Available records ::

= = =

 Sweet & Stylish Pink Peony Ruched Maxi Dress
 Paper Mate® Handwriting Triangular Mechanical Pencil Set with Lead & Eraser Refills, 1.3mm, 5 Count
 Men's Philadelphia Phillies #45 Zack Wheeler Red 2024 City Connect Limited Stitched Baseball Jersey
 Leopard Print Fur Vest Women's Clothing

= = =

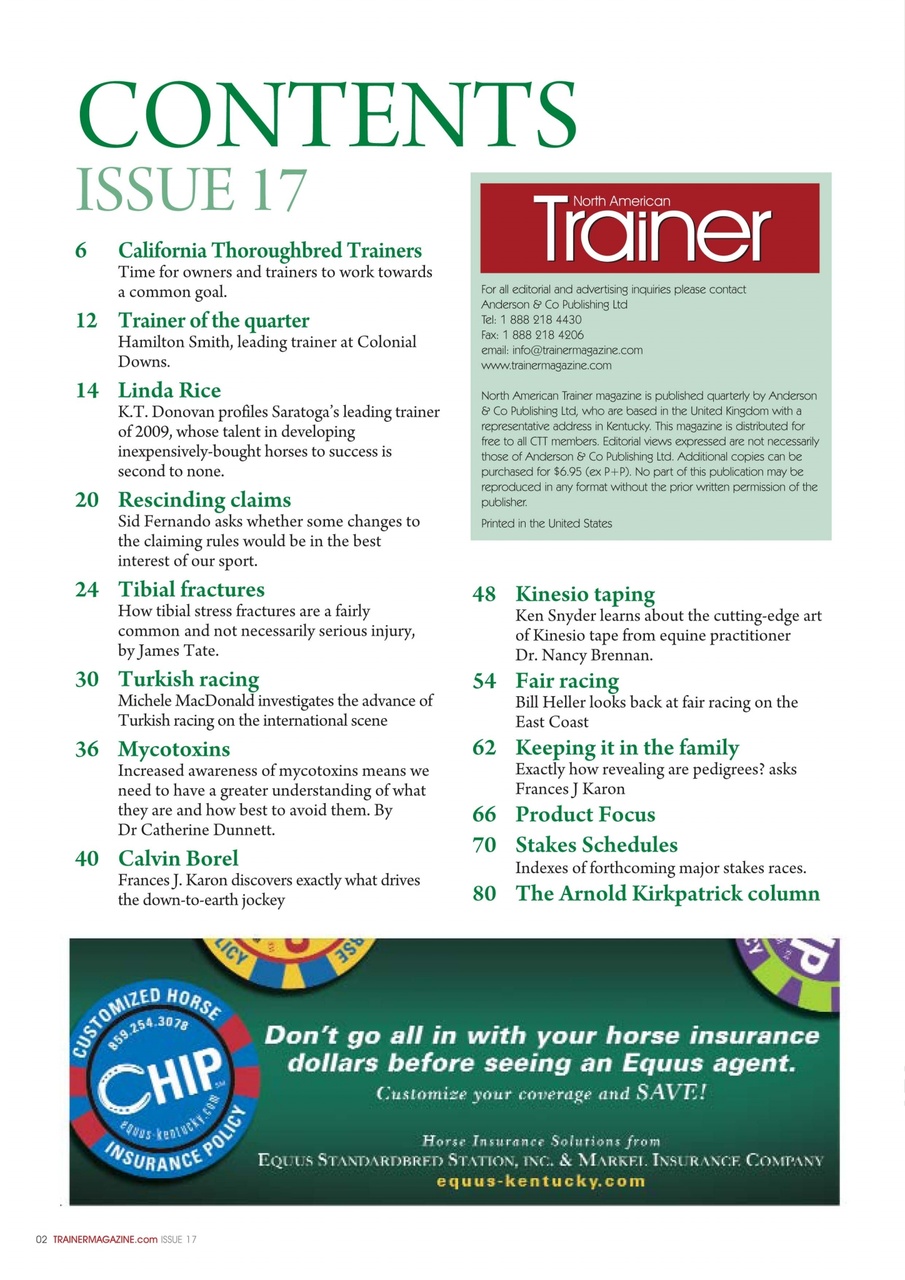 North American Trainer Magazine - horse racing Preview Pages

= = =

Work instruction ::
Everything from the line containing "Paper Mate® Handwriting" through the line containing "Leopard Print Fur Vest Women's Clothing" in the material above should be retyped exactly, both ends included, and nothing more.

Problem solution ::
 Paper Mate® Handwriting Triangular Mechanical Pencil Set with Lead & Eraser Refills, 1.3mm, 5 Count
 Men's Philadelphia Phillies #45 Zack Wheeler Red 2024 City Connect Limited Stitched Baseball Jersey
 Leopard Print Fur Vest Women's Clothing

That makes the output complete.